Anthony Ucchino: Why does Council want to destroy this small business? Walla’s is an iconic feature of our community, that brings a lot of value for locals and tourists. Who would gain from getting rid of Walla’s? Ex Division 6 Councillor Heath has a competing business not far from Walla’s. The solution to this is to leave Walla’s alone.
Wayne Kimberley: The current Innisfail Master Plan includes the Wallas site, and Council supports it being there. There’s a lease agreement which expires shortly, and a new agreement will have to come into place. I suspect this is a case of communication breakdown and hope to see this resolved to ensure Wallas can continue to trade in its current location.
Harry Tenni: Walla’s Fish and Chip has been around almost as long as me! I aim to grow our region. I am currently gathering more details around why the decision was made. I intend to follow with the proprietor and Council, so hopefully as the elected member in about 20 days I can work to resolve this issue. With 28 years of operating my own business, I can fully feel and understand the frustration being experienced by the business proprietor.
Paul Toogood: This is an issue for the whole region, not just Division 6, and a prime example of how the current Council needs to change to focus on the community and the people and local businesses in the community. I am unsure as to why Council wants to change Wallas, I have my suspicions as no doubt do a lot of people, however, given Council is currently spending money on the riverfront and upgrading road and footpaths then surely it could install shade sails and an outdoor dining area adjacent to Wallas and keep the existing arrangements in place.

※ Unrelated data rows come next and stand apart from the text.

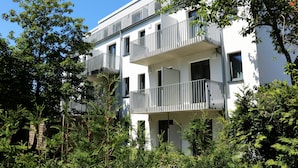 Een modern meerlaags gebouw met balkons, omringd door weelderige begroeiing.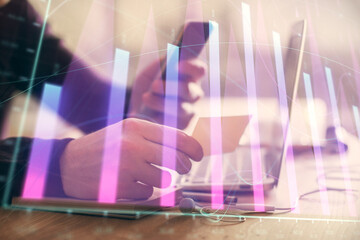 Poster - Double exposure of man's hands holding and using a phone and financial graph drawing. Analysis concept.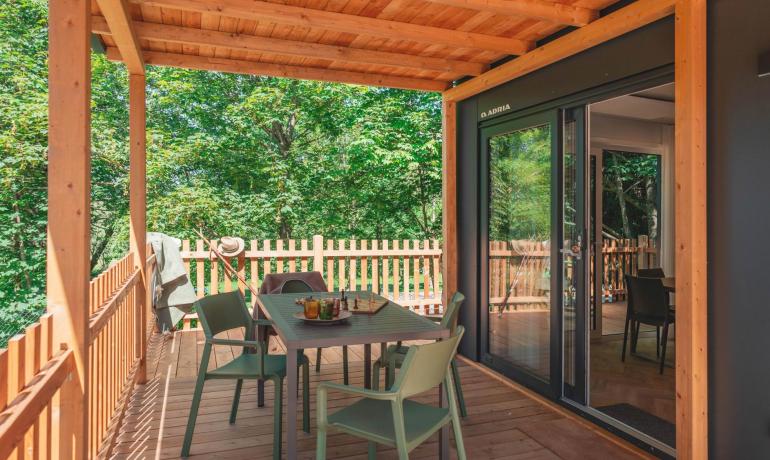 Holzterrasse mit Tisch, Stühlen und Waldblick.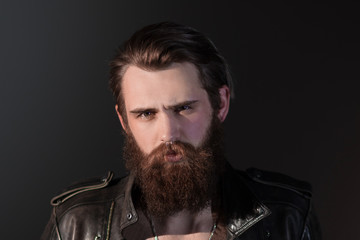 portrait of a brutal man in a leather jacket.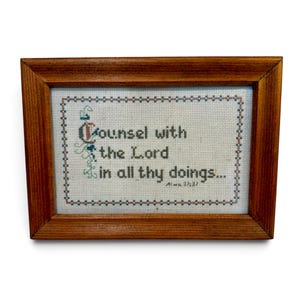 May include: A rectangular wooden frame containing a cross-stitch sampler on white fabric. The text reads "Counsel with the Lord in all thy doings... Alma 37:37" in dark grey thread, surrounded by a decorative border of small blue and red squares.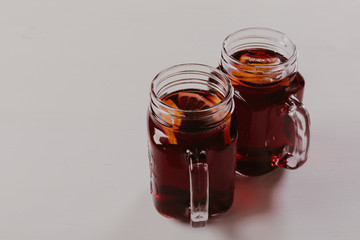 Mulled wine in mugs  on white wooden table.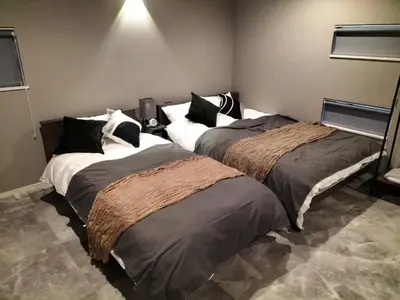 a room with three beds in a room at 103, Higashi-Yotsugi 3A, Entire house for rent, \u6771\u56db\u3064\u67283A in Tokyo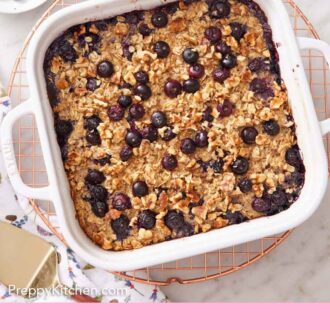 Pinterest graphic of an overhead view of a white baking dish with baked oatmeal with a bowl of blueberries beside it with some scattered.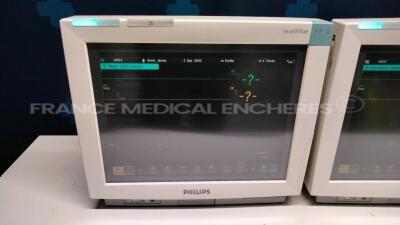 Lot of 2 Philips Patient Monitors MP70 - YOM 2006 - S/W 4.00 - w/ 2 Philips Module M3001A YOM 2014/2015 - Philips Module rack including 2 modules TEMP and 6 modules VueLink ( Both power up) - 2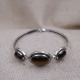 Bracelet rigide en argent et oeil de tigre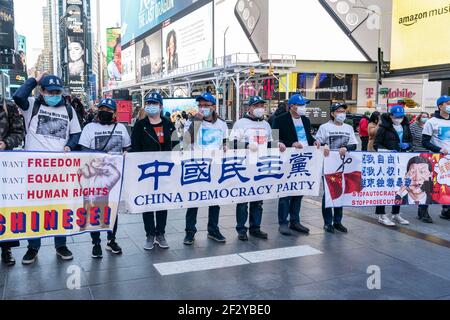 New York, NY - March 13, 2021: Members of China Democracy Party staged rally on Times Square Stock Photo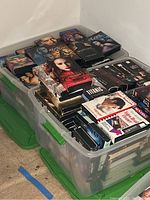 Photo of one plastic tote filled with multiple VHS tapes showing front covers of various movies from different genres.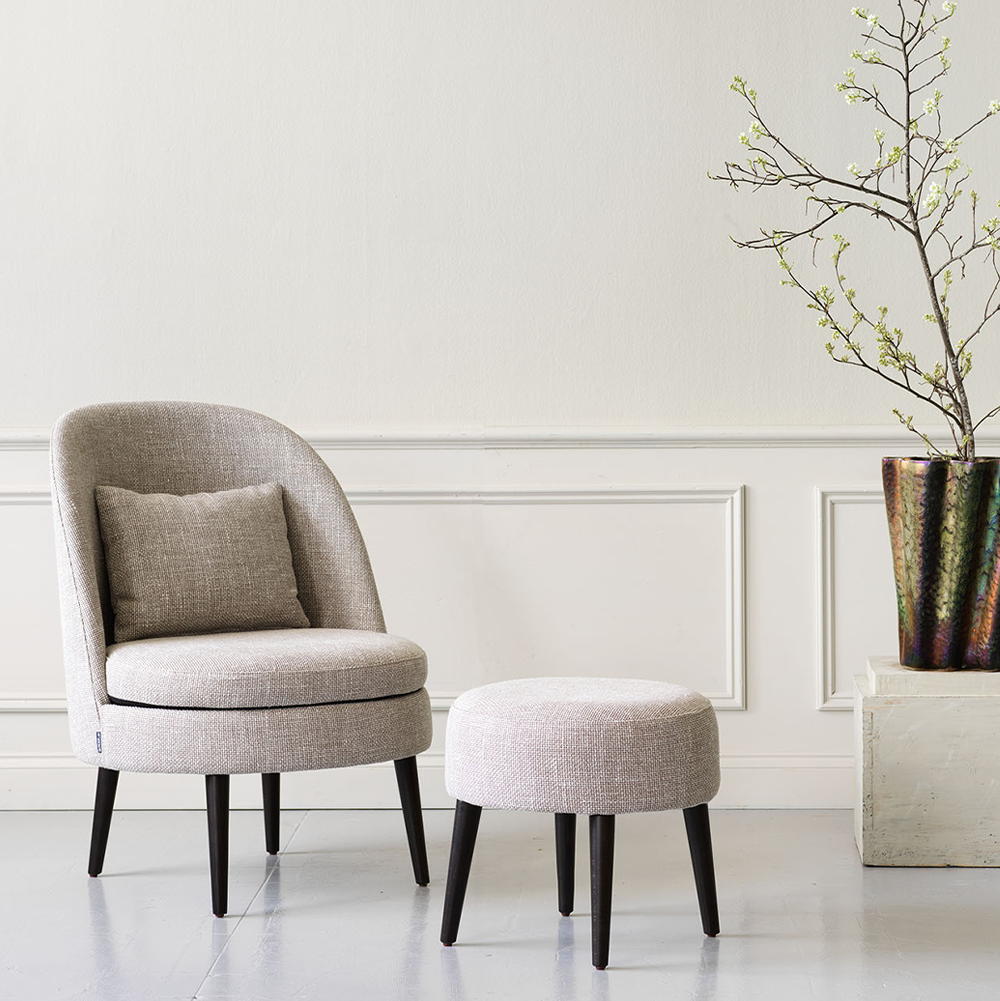 Noote Lounge är en stilren fåtölj tillverkad i massiv bok med klädd sits och rygg.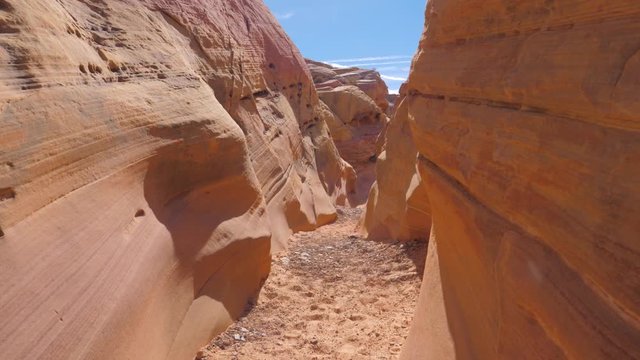 Camera Movement On A Dry Gorge With Smooth And Wavy Rocks Of The Red Canyon 4K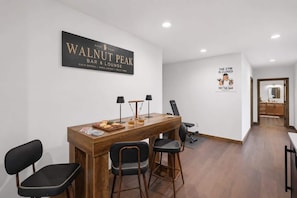 Eine moderne Bar/Lounge-Bereich mit einem Holztisch, Stühlen und einem Schild für Walnut Peak Bar & Lounge.
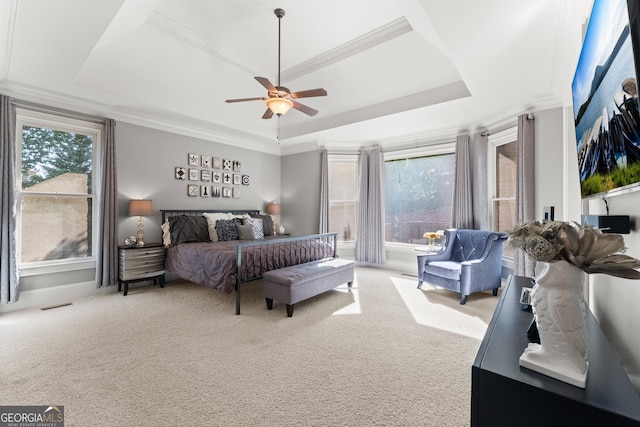 bedroom featuring light colored carpet, a raised ceiling, ceiling fan, and ornamental molding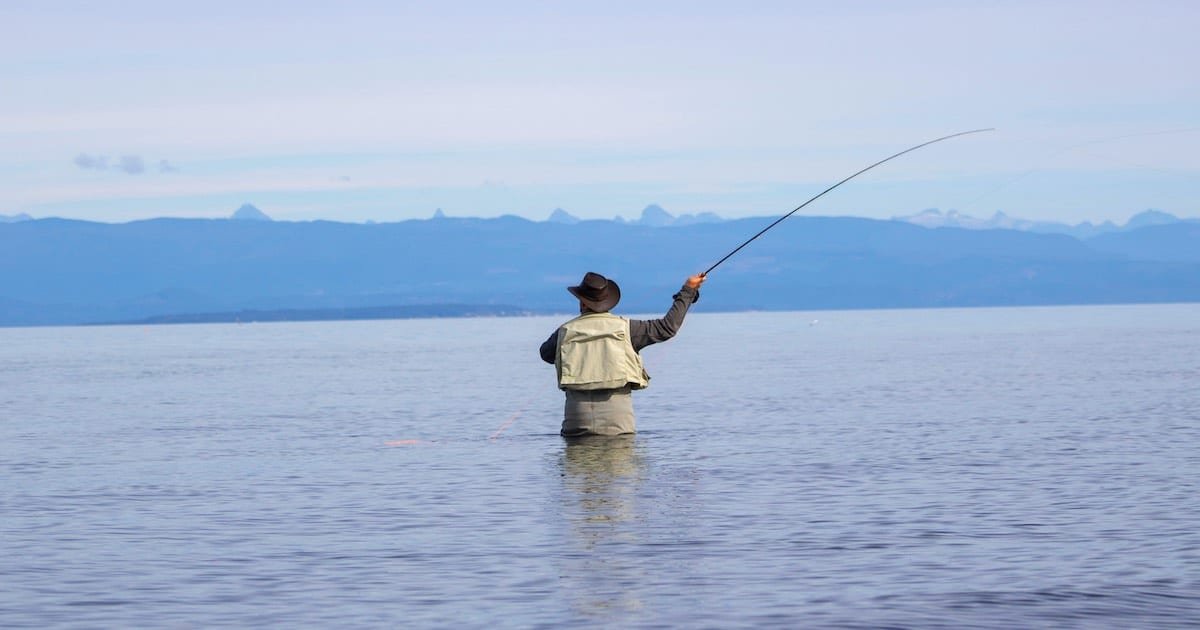 Person casting a fishing line while standing in shallow water, wearing a hat and fishing gear, with mountains visible in the background.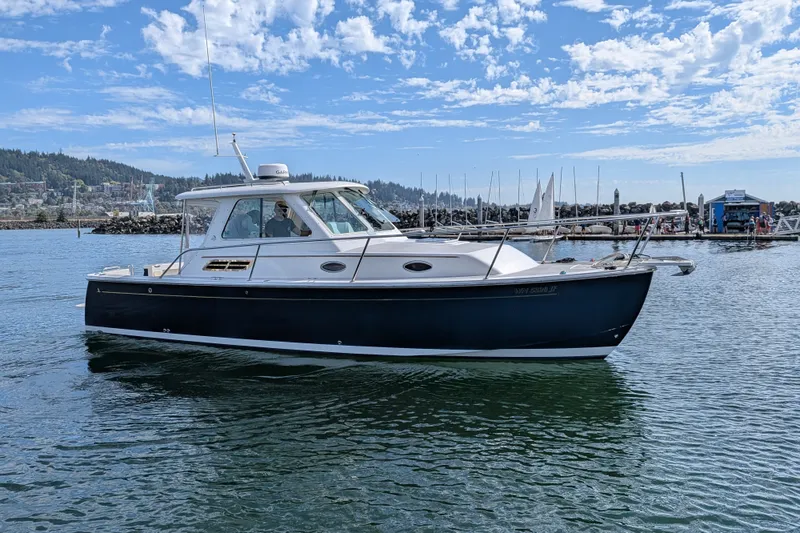 Slide: The Image of 2008 Back Cove 29 boat on calm water with scenic marina background. - 52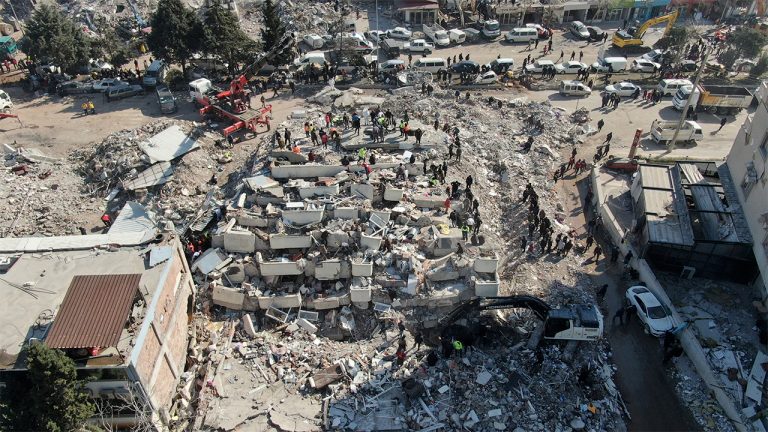 Aerial photo shows the destruction in Kahramanmaras city center, southern Turkey, Thursday, Feb. 9, 2023. Thousands who lost their homes in a catastrophic earthquake huddled around campfires and clamored for food and water in the bitter cold, three days after the temblor and series of aftershocks hit Turkey and Syria. (IHA via AP)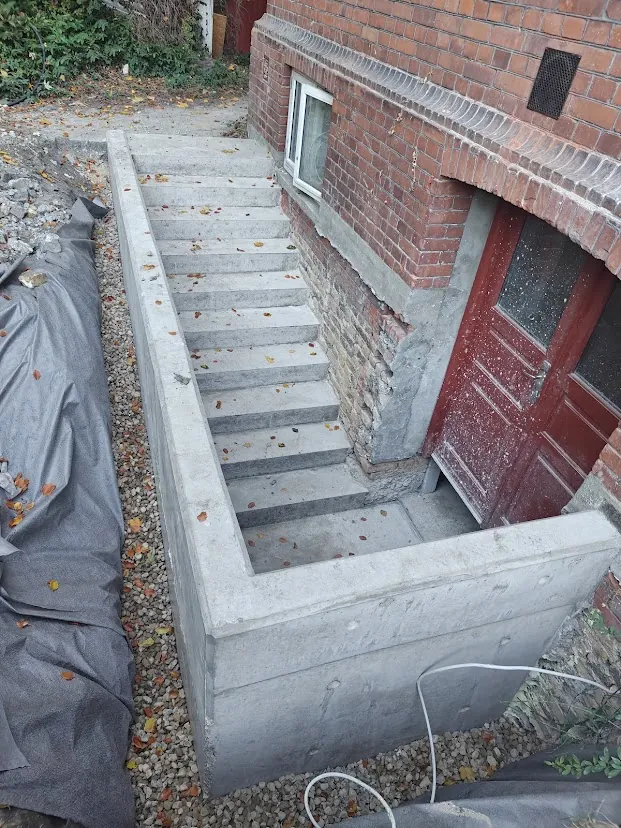 Støbt kældertrappe med støttevæg ved murstenshus
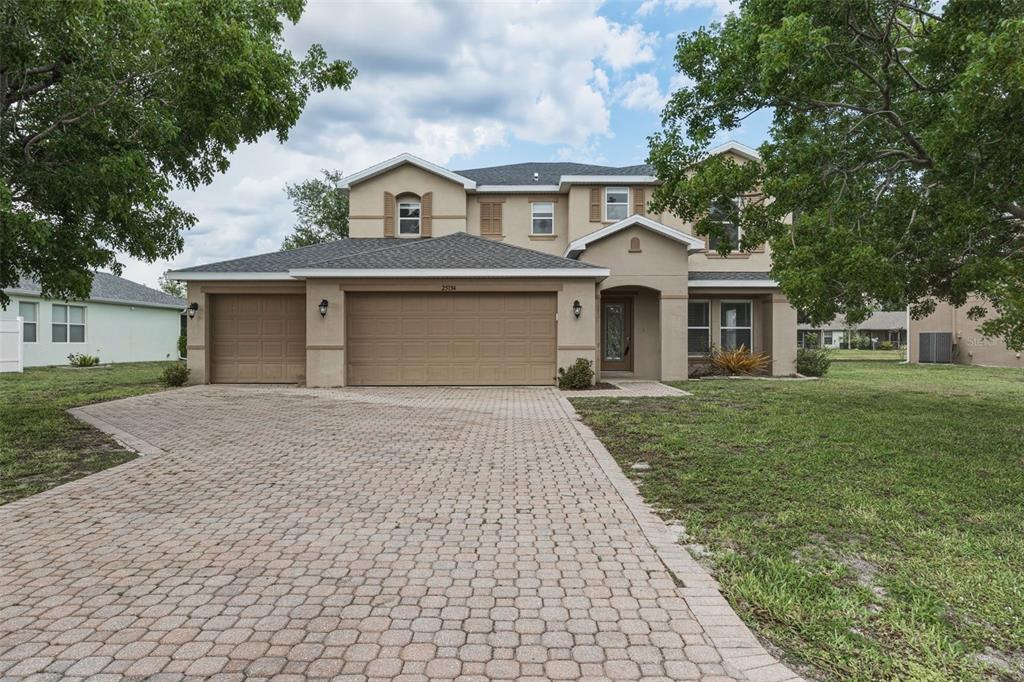 A two-story suburban house with a tan stucco exterior, a three-car garage, and a paver driveway — 25134 PALISADE ROAD, PUNTA GORDA, FL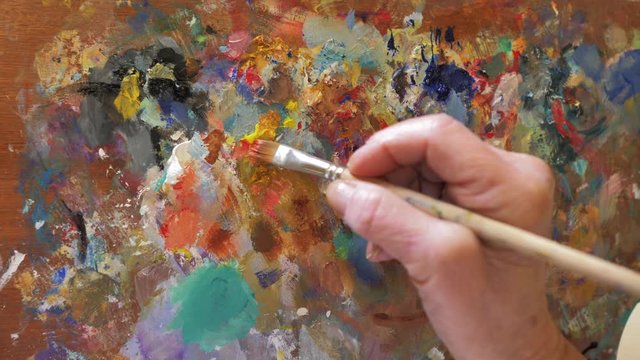 mano mezclando colores en paleta de pintor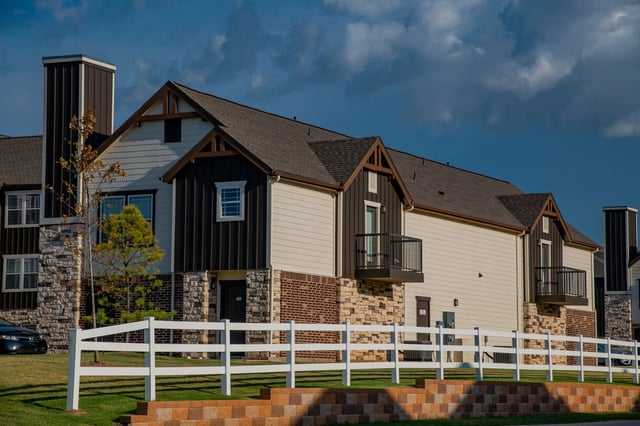 Exterior view of a modern multifamily building with stone accents, balconies, and a white fence.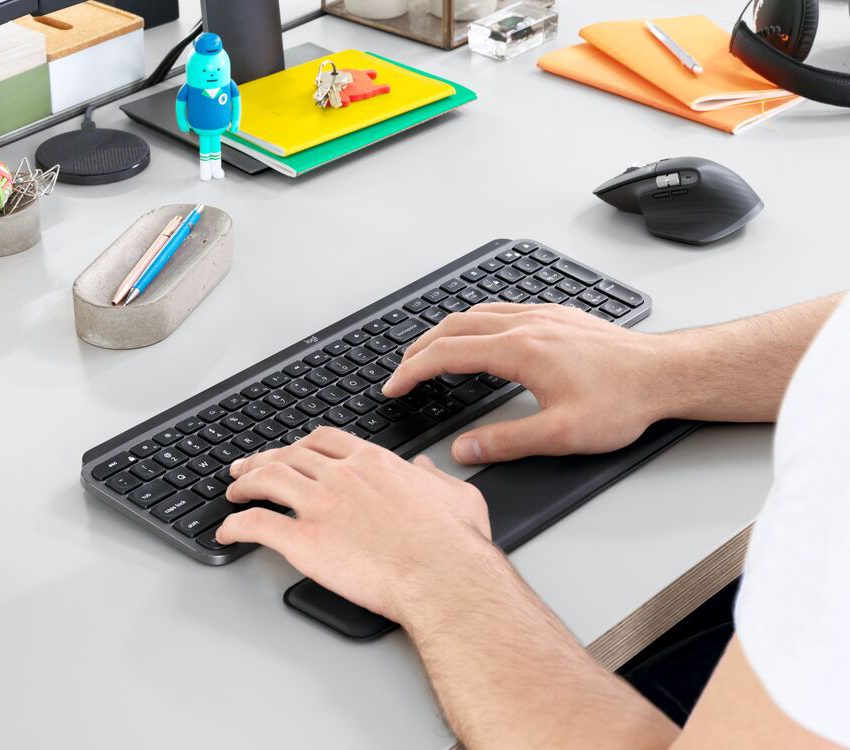 man working at his desk using a keyboard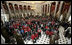 President George W. Bush and Speaker of the House of Representatives Nancy Pelosi stand amidst 300 Tuskegee Airmen during a photo opportunity Thursday, March 29, 2007, in Statuary Hall at the U.S. Capitol. White House photo by Joyce Boghosian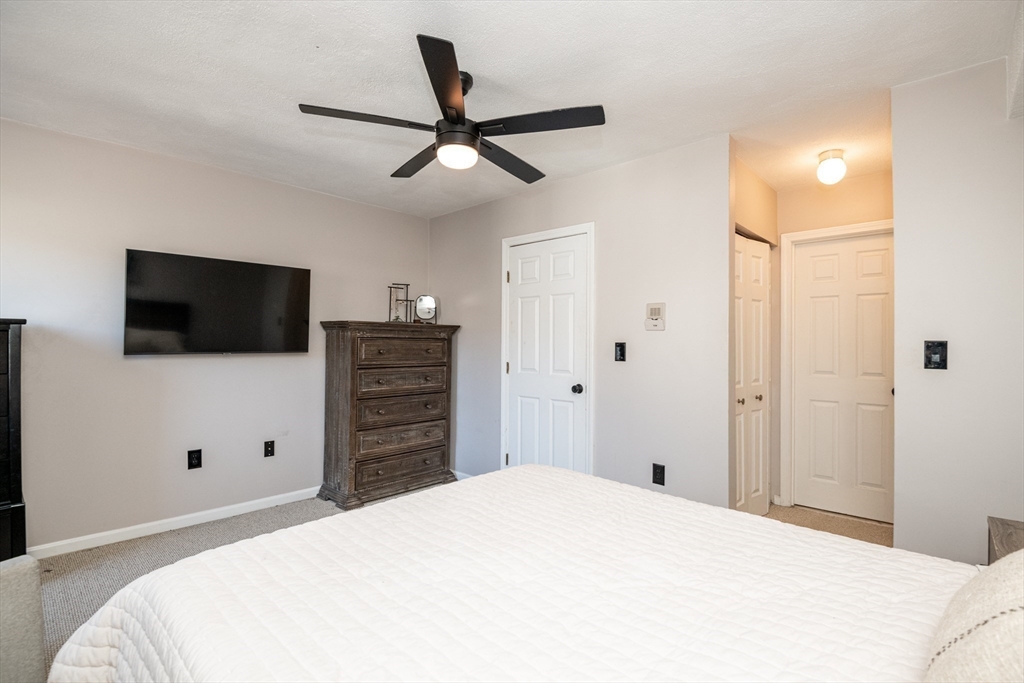 905 Sherwood Forest Lane, Unit 905 Saugus, MA 01906 - Photo 26 of 42 a bedroom with a bed and a flat screen tv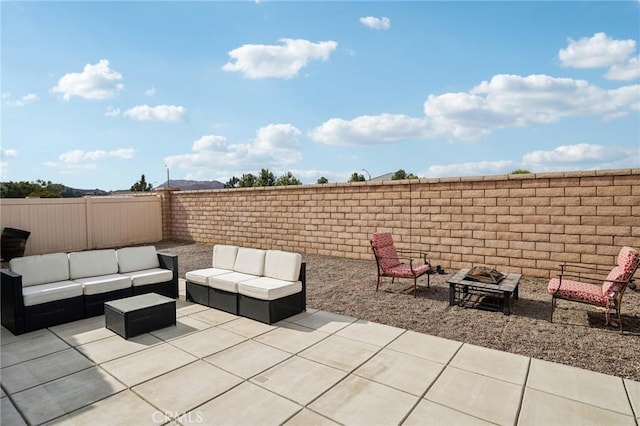 view of patio / terrace with an outdoor living space with a fire pit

The overwhelming public support for Wallas strongly suggests that Council have made a mistake and, if elected, I will prioritise a personal investigation into the legality of what Council is doing to Wallas – is it transparent and effective process? Is it in the interests of the community? Is it ethical? Is it decision making in the public interest? Is it meaningful community engagement – all of which apply as law under Part 4 of the Local Government Act.